The Ramban Synagogue in Jerusalem’s Old City, 1968. Photo: IPPA Staff; from the Dan Hadani Archive, Pritzker Family National Photography Collection at the National Library of Israel

A famous letter written from the Land of Israel to his son in Catalonia teaches that humility and constantly maintaining composure are key to leading a good life and continual spiritual growth. This letter, known as Iggeret HaRamban appears in many modern prayer books and certainly reveals something deeply personal about the sage’s inner thoughts and worldview.

Just last year, a prayer attributed to the Ramban was printed for the first time, appearing in Dr. Idan Perez’s Sidur Catalunya (see transcription in the comments section below). Perez’s work presents the first ever printed prayer book of the Catalonian liturgy and ritual used by the Ramban and the once thriving Jewish communities of Catalonia, Valencia and Majorca, which were ultimately extinguished by the Spanish Inquisition and Expulsion over 500 years ago.

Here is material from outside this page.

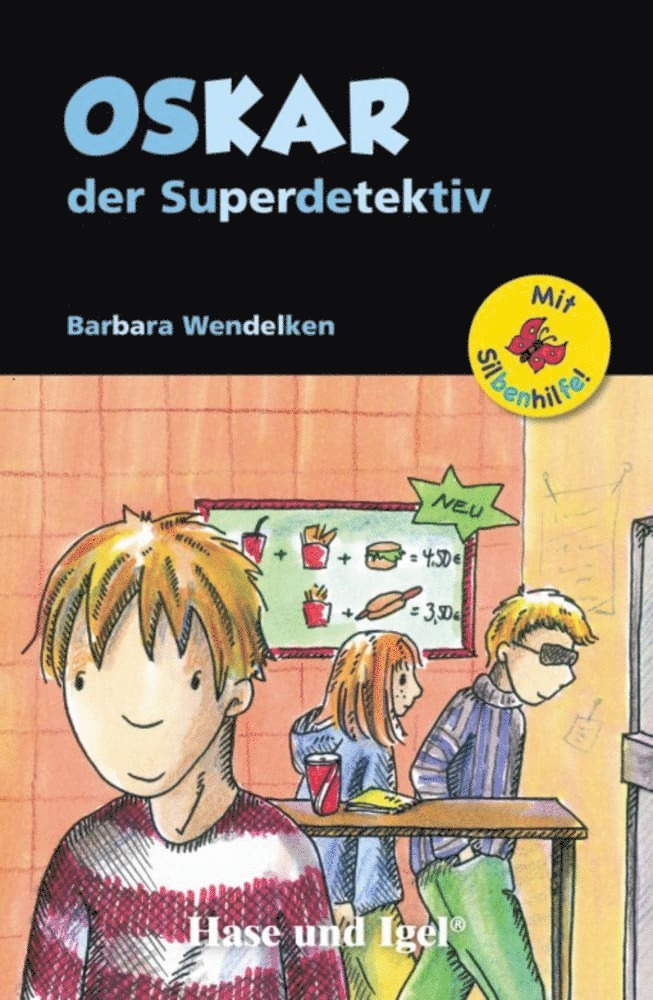 Oskar, der Superdetektiv / Silbenhilfe 1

The monumental project was completed by piecing together manuscripts and other source materials from institutions across the globe. The prayer attributed to the Ramban was found in a manuscript written just after the Expulsion, which was likely used by Catalonian exiles living in Provence. It is now held in Rome’s Casanatense Library, and is available online as part of “Ktiv”, the National Library of Israel-led initiative to open digital access to all of the world’s Hebrew manuscripts.

Prayer attributed to the Ramban. Casanatense Library, Rome, Italy, Ms. 2741; available via the National Library of Israel’s Digital Collection. Click images to enlarge

According to Perez, these types of prayers – referred to as “bakashot”, or “supplications” – were quite common among Iberian Jews of the period. Catalonian communities apparently recited them after the regular daily prayers, while other communities across the peninsula would say their bakashot before prayers.

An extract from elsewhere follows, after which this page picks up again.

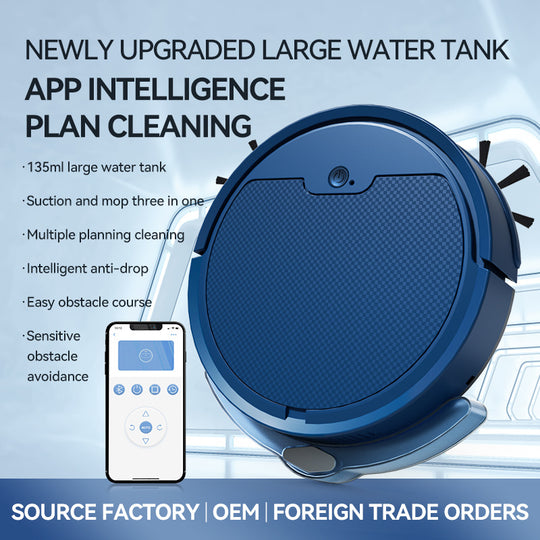 Intelligent Sweeping Robot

“The text’s content and style, along with the fact that the manuscript’s author prefaced it with the words ‘A Bakasha of Rabbi Moshe ben Nachman’, all seem to indicate that this bakasha was, in fact, written by the Ramban himself,” says Perez, who heads the Rare Books Department at the National Library of Israel.

Illustration of the Ramban. Publisher: Sinai, from the Folklore Research Center, Hebrew University of Jerusalem; available via the National Library of Israel Digital Collection

To the modern Hebrew speaker, the Ramban’s poetic prayer – written some eight centuries ago – is surprisingly clear. It appears here in English for the first time, with a few notes and sources added in parentheses for clarification purposes:

Please, O Lord who creates without having a creator∙

And who conceived a thought and power from potential to action, brought forth light which illuminates all of the lights from the beginning until the end, for all of the illuminations∙

The words of God are pure words (Psalms 12:7)∙

Please, with your unseen, refined and pure power, establish my thoughts in your service, in awe, in trembling and in reverence∙

You have brought to light every mystery∙

Make me wise to know your commandments, and as a hawk soars over its prey (Job 29:36), allow me to understand and guide me in the path of your commandments∙

And in the ways of repentance (teshuva) instruct me∙

Because you are a God who desires the repentance of the wicked∙

And the spirit of grace flows forth onto those who know and those who do not know, and in the attribute of your beloved ones from ancient times, bless me with sublime favor, as my absolute light∙

And this is your favor that you shall do for me∙

And may I not tremble in fear of you (Job 13:21)∙

And raise me up on the balance of grace∙

And guide me in your truth and fulfill me from its delights∙

And from their great light, enlighten me∙

And like the mountain of your inheritance (Jerusalem), bring me and plant me∙

And between two cherubs, may your word come and console me∙

And desire me and receive me∙

And may the foundation of your world establish my soul and may it be bound up in the bundle of life, the pure soul you have placed within me, and in the great all-encompassing crown, may it be included∙

Include me in your exalted attribute of goodness, with every blessing and splendor∙

Please, with these crowns, which are ten in number∙

And in them lay the secret to everything∙

May my supplication come before you∙

And may your ear be inclined to my joy∙

And may my prayer come before the sanctuary of your holiness∙

And from the good oil of the two olives and the wellspring, pour upon the seven candles of the entirely gold menorah (Zechariah 4:3)∙

And shower upon he who longs for your kindness and sees your goodness through spiritual channels from higher wellsprings and lower wellsprings (Joshua 15:19)∙

And you are the one who knows that I do not unburden my plea before you due to my righteousness, but rather by the merit of my forefathers I have based it, and by the greatness of your mercy and your humility and the memory of your thirteen attributes∙


Many thanks to Dr. Idan Perez and colleagues at the National Library of Israel and the Ezra Fleischer Institute for the Research of Hebrew Poetry in the Genizah for their expertise and assistance with the translation. This article has been published as part of Gesher L’Europa, the National Library of Israel’s initiative to share stories and connect with people, institutions and communities in Europe and beyond.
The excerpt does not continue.